Tsukiji has never been more famous or popular than it is now. The food has never been worse. But, at least the photos look great.

I haven't seen this Instagram effect devastate the food in Mexico or Italy. Maybe because the competition is too fierce and the local populations won't tolerate mediocre food the way tourists will. When your abuela is still making tacos or your nonno is judging your carbonara, you can't get away with serving garbage just because it photographs well.

This isn't about nostalgia or complaining that things were better in the old days. This is about economics. Instagram created a new incentive structure where restaurants maximize revenue by optimizing for cameras instead of palates. And once that incentive structure exists, the outcome is inevitable.

A generation of restaurants designed not for eating, but for photography.

Why It Happened

Thirty percent of young diners won't even consider a restaurant if its Instagram is weak. Seventy-three percent choose where to eat based on photos they saw on social media. Restaurants respond rationally to these incentives. They track which dishes get photographed most and adjust menus accordingly.

Chef Simon Horwitz spent months sourcing tables, light fixtures, and custom-crafted clay plates, then designed his Paris restaurant Elmer with 'soft, yellow spotlight shining down on each plate, so diners could not only see their food, but could also photograph it without requiring extra lighting. He admitted that "Instagram immediately became the factor driving business."

The question in the kitchen is no longer "Does this taste good?" It's "Will this get likes?"

Dishes are designed to photograph well in the restaurant's lighting. Colors are brightened. Garnishes are selected for visual pop rather than flavor contribution. A dish that photographs well generates free marketing through customer posts. A dish that tastes exceptional but looks ordinary? Generates nothing.

In the attention economy of Instagram, appearance has become the only currency that matters. Taste is irrelevant.

What We've Lost

Food is no longer for self-enjoyment.
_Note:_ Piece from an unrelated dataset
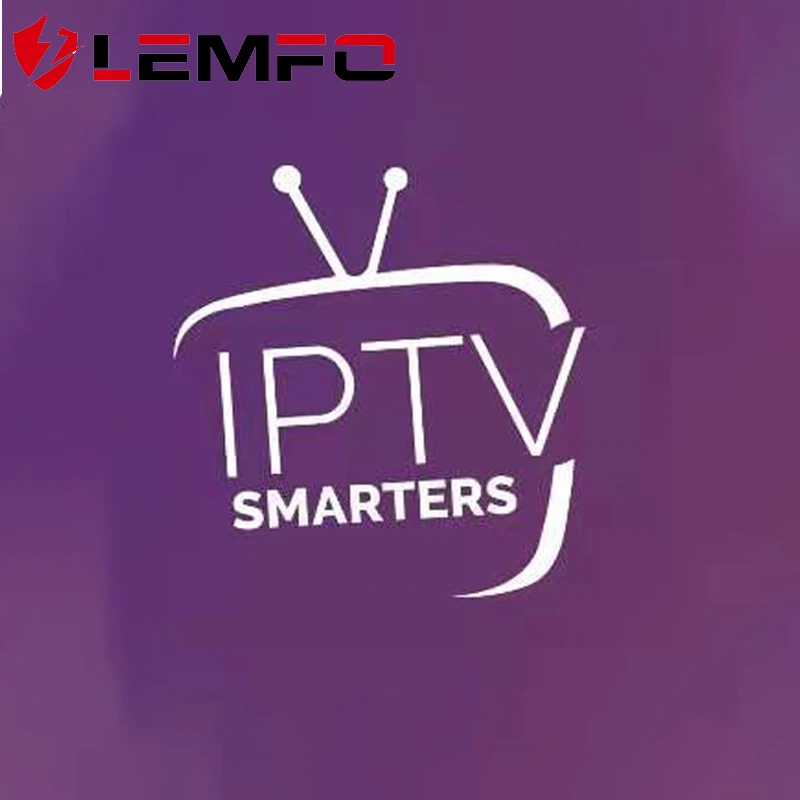 LEMFO IP tv для ТВ коробка смотреть другие страны каналы Испания Франция Италия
Diners get their pleasure not from the food but from sharing photos and making their friends envious.

The tragedy isn't just declining quality. It's that entire food cultures have been corrupted. Places like San Sebastián and Tsukiji weren't just great places to eat—they were authentic expressions of local food culture evolved over generations. Now they're theme parks. Photo ops.
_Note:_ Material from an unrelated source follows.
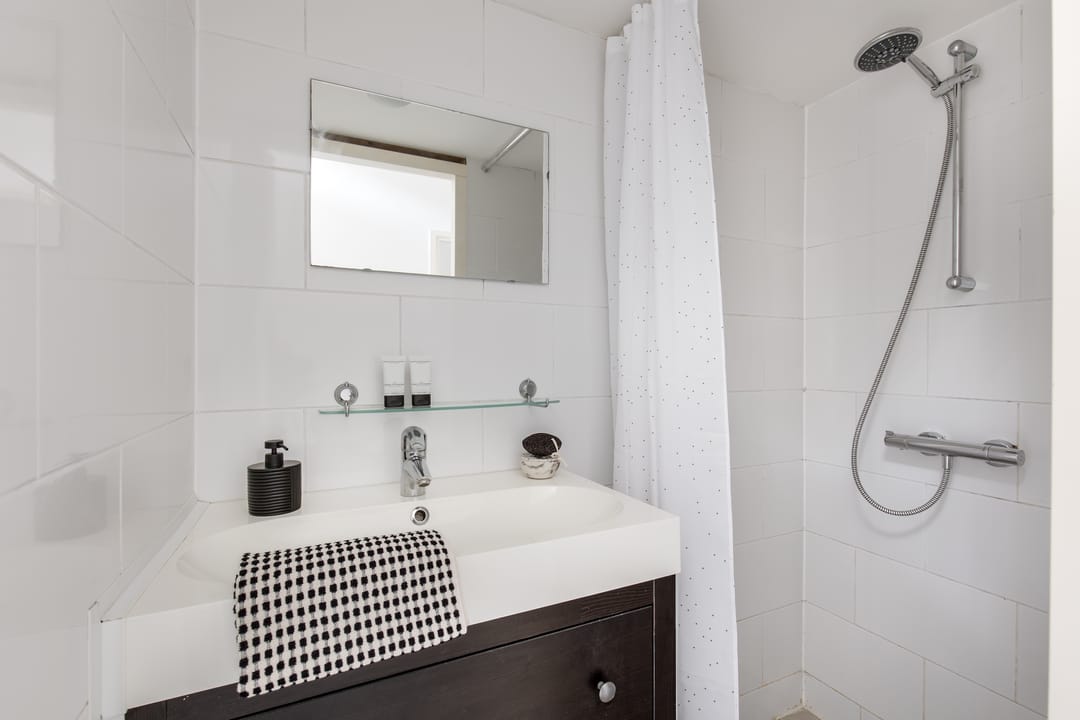 Foto 17 van Paul Krugerstraat 22-ZW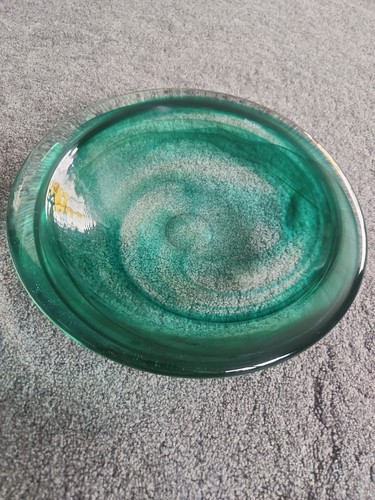 Large vintage kosta - kosta, atoll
Instagram transformed eating from a personal, sensory experience into a public performance.

We proved this strategy works. Every time we choose a restaurant because of how it looks on someone's feed, every time we let food go cold while we frame the perfect shot, every time we drive past a hole-in-the-wall that serves amazing food because their Instagram game is weak.
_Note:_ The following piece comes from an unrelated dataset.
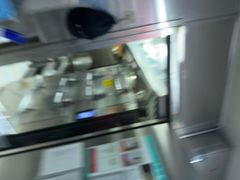 -觅唐MITONG(鸟巢店)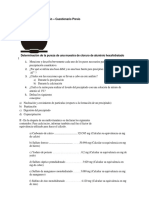 Practica de Precipitacion - C Uestionario Previo - 2021-1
The celebrity chefs created the economic model that made corner-cutting inevitable. Instagram created the incentive structure that made those corners irrelevant as long as the plate looked good.

But this only works if we keep playing along.

The chefs who reject this model already exist—you just have to look for them. They run small places. Their Instagram is an afterthought or nonexistent. They source obsessively and charge what quality costs.

These places survive because enough people still value what matters. Not enough to dominate the industry, but enough to prove the model isn't dead.

The shift starts with attention—where you actually spend your money, not just your scrolling time. What you're willing to pay for. Whether you put your phone away and taste what's in front of you.

San Sebastián and Tsukiji didn't fall because Instagram was inevitable. They fell because enough people chose photos over flavor. That choice can be unmade.

The economics will follow the culture because that's what markets do—they respond to actual behavior, not stated preferences. If enough people stop rewarding performance food, restaurants will stop serving it.

Find the hole-in-the-wall with the small menu. Pay a premium for the chef-owned place using ingredients that leave you inspired. Stop following restaurants that optimize for cameras.

Tell people about the places doing it right.